Day three of Advanced Patisserie and Desserts, and today was all about CREAM! But first things first, we had to get our pears prepped to go into the blast chiller and turn into ice cubes. We pulled out the poached pears we made on Thursday…
I chopped them up into little bits and pieces and smushed them into these pyramid shaped silicone molds. Then into the blast chiller for pear-cube making!
Next up, we learned how to make crème anglaise. I had never made this before, but it seemed like most people in my class were familiar with it. I never do any baking or desserts at home, so I feel a little out of my element on this class. To make the crème anglaise, we de-seeded whole vanilla bean pods – very cool.
And then added the vanilla pods and seeds to a combination of milk, cream, and sugar. Once those were heated through, we tempered the dairy mixture into a bowl of egg yolks.
And then added the combined mixture back to the hot pot on the stove.

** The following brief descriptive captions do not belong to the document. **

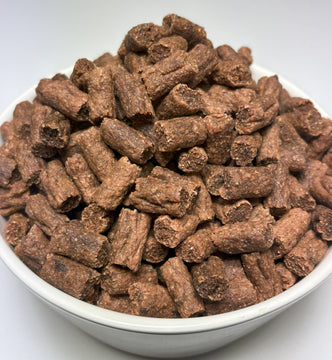 A white bowl filled with bite-sized GoPetPlace kangaroo nibbles dog treats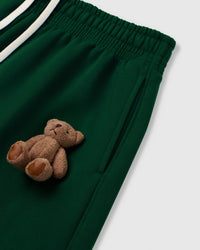 Close-up of plush bear applique on forest green heavyweight fleece showing hand-sewn construction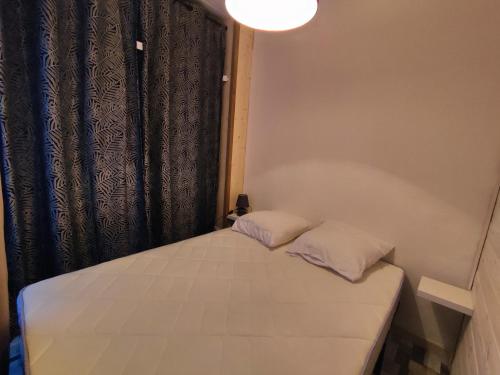 un lit avec deux oreillers dessus dans une chambre dans l'établissement Studio Cabine Rénové, Terrasse et Parking, à 500m de la Plage - FR-1-776-61, à Argelès-sur-Mer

We stirred and stirred until it started to thicken, and then set the pot in an ice bath to stop the heating. (Hi Rachel!)

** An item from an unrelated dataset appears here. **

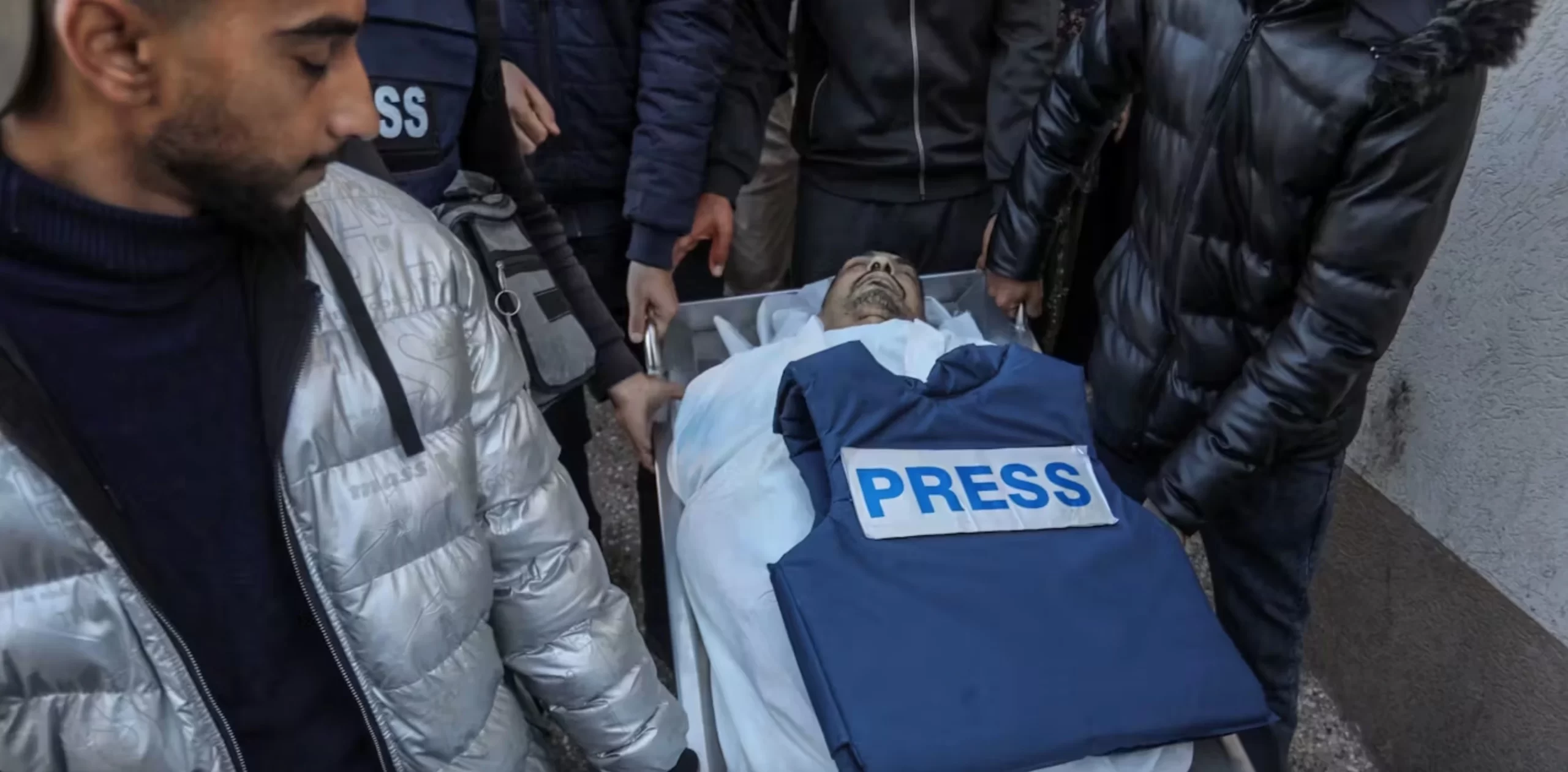 Relatives of Palestinian journalist Akram Al-Shafi'i mourn his death at the European Hospital in Gaza. Al-Shafi'i was killed during an airstrike on his home in Khan Younis, in the southern Gaza Strip, on 6 January 2024.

Once we could see the crème pulling away from the bottom, we were done!
Mandatory sampling – YUM! Love that fresh vanilla bean!
Once we had mastered the crème anglaise, we moved onto the next project – Bavarian cream! Bavarian cream uses crème anglaise as a base, but it is steeped with an infusion first in order to give it a strong flavor. My awesome partner Rachel had some ruby red chai tea bags in her purse, and suggested we use some to infuse our Bavarian cream, since it would make ours unique and different.
We scalded the milk and sugar with the tea bags – it tasted AMAZING! Like a sweet chai latte.
While Rachel steeped the tea, I rehydrated some gelatin sheets in a bowl of cold water. We had a small class discussion about the use of gelatin in baked goods, and how it affects the vegetarian and vegan customers because it is an animal product. This was also the point where I was outed as the class vegetarian to my new teacher. She was really cool and told me that she was vegetarian for many years when she lived in France, because all the meat over there is so exotic and strange.
Once the gelatin went into the cream, I accepted that my tasting days were over! I whipped up a batch of whipped heavy cream, and we folded the scalded chai milk mixture into the bowl.
Once combined, we poured the mixture into a piping bag and filled up silicone molds with the cream.
At this point our poached pear ice cubes were fetched from the freezer!
We filled up each mold 2/3 of the way with cream, and then dropped in a little frozen pear cube.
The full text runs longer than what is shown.